Every major paper in America (and the world, perhaps) will provide the most current details of Anadarko’s decision to terminate their agreement with Chevron and accept Oxy’s superior proposal. The cornerstone of that flip was put in place by Warren Buffett, who has promised to fund the liquidated damages of $1 Billion owed to Chevron by Anadarko for breaching their deal. But again, anyone can read the major details just about anywhere right now.
I want to talk about the aspects of the change-of-heart that directly affect royalty owners and professionals in the oil and gas industry. The behind-the-scenes scoop, so to speak.

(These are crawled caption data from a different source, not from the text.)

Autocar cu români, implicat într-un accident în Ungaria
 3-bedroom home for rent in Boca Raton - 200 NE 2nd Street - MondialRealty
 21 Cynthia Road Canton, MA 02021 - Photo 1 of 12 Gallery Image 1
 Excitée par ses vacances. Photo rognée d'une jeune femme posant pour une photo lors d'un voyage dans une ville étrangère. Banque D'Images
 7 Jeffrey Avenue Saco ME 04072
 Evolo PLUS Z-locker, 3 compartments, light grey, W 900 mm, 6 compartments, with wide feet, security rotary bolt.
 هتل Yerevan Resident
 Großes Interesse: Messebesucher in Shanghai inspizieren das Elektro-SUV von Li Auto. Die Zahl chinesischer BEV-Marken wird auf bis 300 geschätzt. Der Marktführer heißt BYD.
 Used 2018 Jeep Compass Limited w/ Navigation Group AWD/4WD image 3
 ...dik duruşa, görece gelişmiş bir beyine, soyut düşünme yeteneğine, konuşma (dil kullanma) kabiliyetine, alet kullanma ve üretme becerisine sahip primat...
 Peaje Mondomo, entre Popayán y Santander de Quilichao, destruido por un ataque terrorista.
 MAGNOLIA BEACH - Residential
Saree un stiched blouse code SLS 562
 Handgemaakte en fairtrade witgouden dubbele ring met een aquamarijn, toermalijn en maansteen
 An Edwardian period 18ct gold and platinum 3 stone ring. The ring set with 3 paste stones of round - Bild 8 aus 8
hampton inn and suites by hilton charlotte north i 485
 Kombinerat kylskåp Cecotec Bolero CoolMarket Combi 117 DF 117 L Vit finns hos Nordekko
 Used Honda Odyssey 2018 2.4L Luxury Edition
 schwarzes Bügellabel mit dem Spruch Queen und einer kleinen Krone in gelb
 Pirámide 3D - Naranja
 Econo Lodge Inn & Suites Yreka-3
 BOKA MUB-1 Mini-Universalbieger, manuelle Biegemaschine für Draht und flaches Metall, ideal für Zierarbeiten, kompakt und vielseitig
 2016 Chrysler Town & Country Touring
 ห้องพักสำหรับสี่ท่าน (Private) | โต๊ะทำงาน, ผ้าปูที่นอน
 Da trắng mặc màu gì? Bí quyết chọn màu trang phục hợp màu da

Of interest to industry land professionals is one major aspect not discussed in the numerous articles. Oxy will need to find buyers for the excess federal lease acreage they will suddenly own, not allowed by federal law. The current limit is 200,000 gross acres of federal lease land in any single state, excluding Alaska. [U.S. Code Title 30. Mineral Lands and Mining, Chapter 3A. Leases and Prospecting Permits, Subchapter I. General Provisions, Section 184. Limitations on leases held, owned or controlled by persons, associations or corporations]
This restriction would have been reviewed by Anadarko and Chevron immediately after signing their agreement. Chevron, as one of the largest major oil companies, holds extensive acreage under federal leases pretty much everywhere in the lower 48. Anadarko has valuable federal lands in the northern states such as South Dakota, Wyoming, and Montana. Anadarko and Chevron likely could have reached agreement as to which federal leases Chevron did not want to acquire, and Anadarko then would have agreed to sell off those federal leases before the merger officially took place.
Crestwood indicated earlier this week that they are negotiating with Anadarko to acquire Anadarko’s holdings in the Powder River Basin which were slated for development by Anadarko in 2019. By January 2019, Anadarko had already accepted Chevron’s $33 Billion offer to buy Anadarko. Chevron sold nearly 100,000 net acres of natural gas properties in Green River, Wind River and Powder River basins in Wyoming and Colorado in 2016 and 2017, so it made sense why Chevron wouldn't want to keep Anadarko’s Powder River Basin project after the merger.
But Chevron is out of the picture now. It’s yet to be seen whether Oxy wants to keep that project following the merger. All bets could be off in any potential sales of oil and gas leases by Anadarko undertaken while Chevron was still the winning bid. It’s now up to Oxy to decide what stays and what goes prior to their merger with Anadarko.
Oxy will have the same task ahead to decide which of their own properties need jettison before the merger, and which properties to direct Anadarko to dump. The entire process is literally starting over as of late Monday evening, May 6.
As for royalty owners, it’s unknown what interruptions in regular monthly royalty payments will be felt by which owners in which company. It’s expected that Oxy will continue to distribute production revenues for their existing properties without interruption. But Anadarko royalty owners might not be so lucky. The transfer of data from Anadarko’s colossal land and revenue distribution databases will be a daunting task, one riddled with errors, omissions, and failed record reconstructions. These setbacks occur with every acquisition/divestiture, without exception.
To be sure, this merger will require at least two years from start to finish. We hope no longer. BP America gave up essentially on merging Amoco records into their own land and revenue accounting databases following that merger, opting to run both companies’ database systems side-by-side as late as mid-2009, a full three years after the merger was inked.